→ WHAT NEEDS TO BE DONE
What you return should match every record exactly, with the images removed.

[Saved data entries]
----------

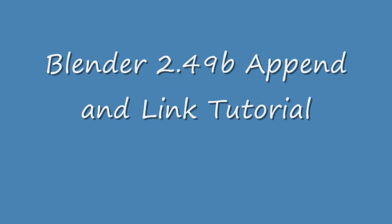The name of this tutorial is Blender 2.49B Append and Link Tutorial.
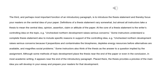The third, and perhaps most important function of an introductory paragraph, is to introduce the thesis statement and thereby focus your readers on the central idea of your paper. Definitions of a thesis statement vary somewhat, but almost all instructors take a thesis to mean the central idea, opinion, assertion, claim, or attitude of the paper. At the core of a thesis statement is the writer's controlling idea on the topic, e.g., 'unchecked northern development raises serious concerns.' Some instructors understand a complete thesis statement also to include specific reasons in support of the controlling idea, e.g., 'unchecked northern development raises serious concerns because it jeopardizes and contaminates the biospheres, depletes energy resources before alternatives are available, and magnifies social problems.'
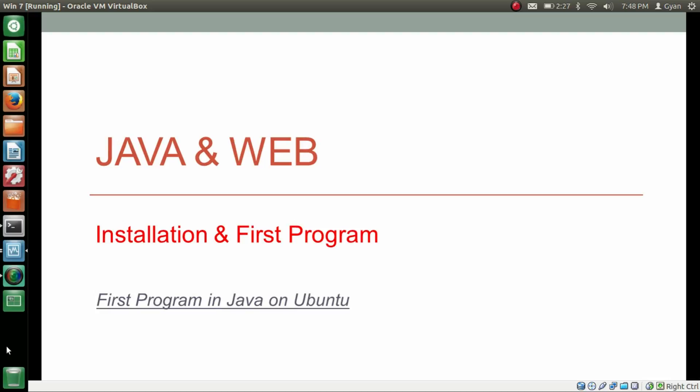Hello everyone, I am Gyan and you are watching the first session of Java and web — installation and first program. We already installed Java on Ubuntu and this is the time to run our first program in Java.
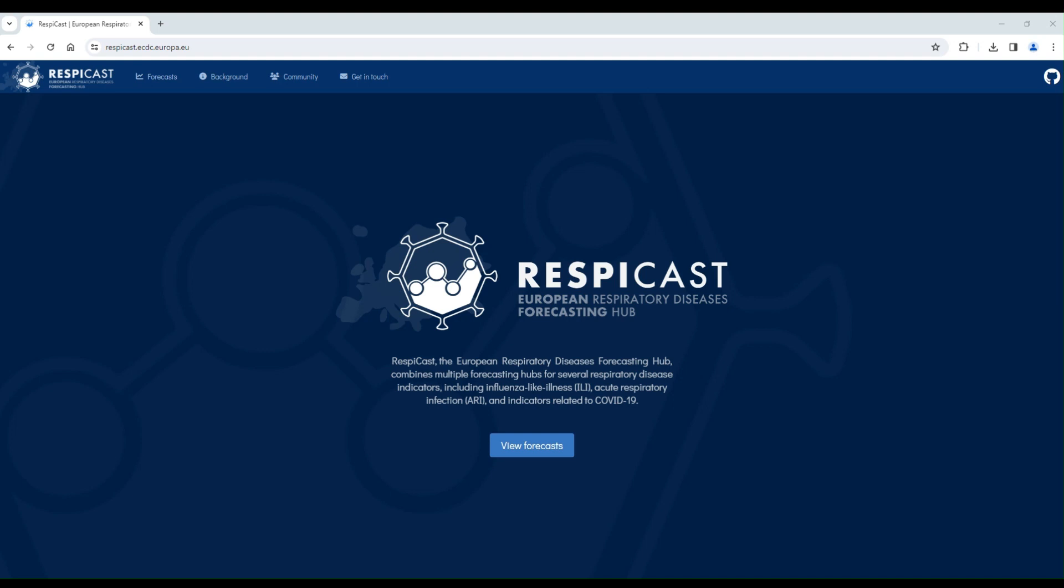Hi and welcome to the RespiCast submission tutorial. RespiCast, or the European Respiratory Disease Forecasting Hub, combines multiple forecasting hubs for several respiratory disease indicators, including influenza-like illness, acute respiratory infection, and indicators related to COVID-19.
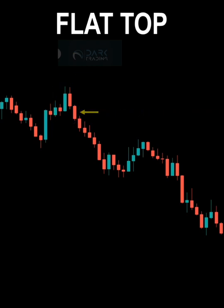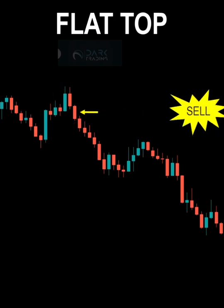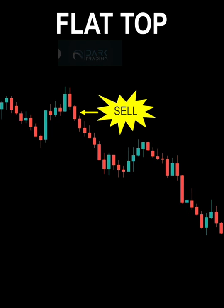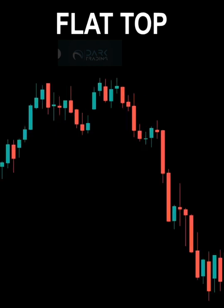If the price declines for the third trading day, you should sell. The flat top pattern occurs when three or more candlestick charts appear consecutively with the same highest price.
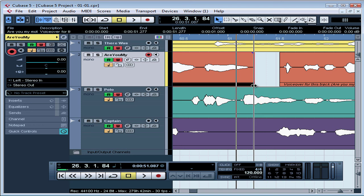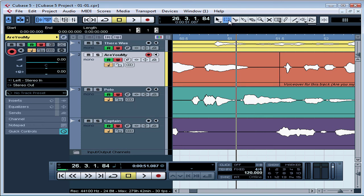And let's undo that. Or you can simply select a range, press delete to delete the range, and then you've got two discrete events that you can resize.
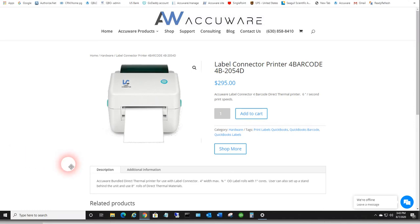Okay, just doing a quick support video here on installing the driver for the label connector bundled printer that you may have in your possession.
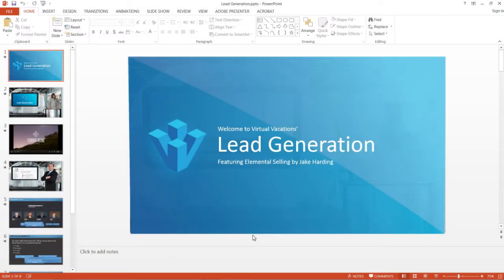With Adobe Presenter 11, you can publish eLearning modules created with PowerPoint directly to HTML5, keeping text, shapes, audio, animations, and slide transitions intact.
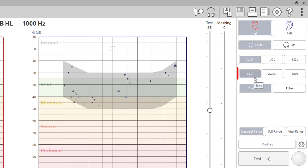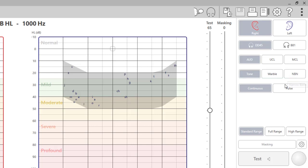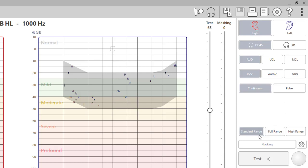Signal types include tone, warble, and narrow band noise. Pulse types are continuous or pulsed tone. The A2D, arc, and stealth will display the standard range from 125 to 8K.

----------

→ OUTPUT
The name of this tutorial is Blender 2.49B Append and Link Tutorial.
The third, and perhaps most important function of an introductory paragraph, is to introduce the thesis statement and thereby focus your readers on the central idea of your paper. Definitions of a thesis statement vary somewhat, but almost all instructors take a thesis to mean the central idea, opinion, assertion, claim, or attitude of the paper. At the core of a thesis statement is the writer's controlling idea on the topic, e.g., 'unchecked northern development raises serious concerns.' Some instructors understand a complete thesis statement also to include specific reasons in support of the controlling idea, e.g., 'unchecked northern development raises serious concerns because it jeopardizes and contaminates the biospheres, depletes energy resources before alternatives are available, and magnifies social problems.'
Hello everyone, I am Gyan and you are watching the first session of Java and web — installation and first program. We already installed Java on Ubuntu and this is the time to run our first program in Java.
Hi and welcome to the RespiCast submission tutorial. RespiCast, or the European Respiratory Disease Forecasting Hub, combines multiple forecasting hubs for several respiratory disease indicators, including influenza-like illness, acute respiratory infection, and indicators related to COVID-19.
If the price declines for the third trading day, you should sell. The flat top pattern occurs when three or more candlestick charts appear consecutively with the same highest price.
And let's undo that. Or you can simply select a range, press delete to delete the range, and then you've got two discrete events that you can resize.
Okay, just doing a quick support video here on installing the driver for the label connector bundled printer that you may have in your possession.
With Adobe Presenter 11, you can publish eLearning modules created with PowerPoint directly to HTML5, keeping text, shapes, audio, animations, and slide transitions intact.
Signal types include tone, warble, and narrow band noise. Pulse types are continuous or pulsed tone. The A2D, arc, and stealth will display the standard range from 125 to 8K.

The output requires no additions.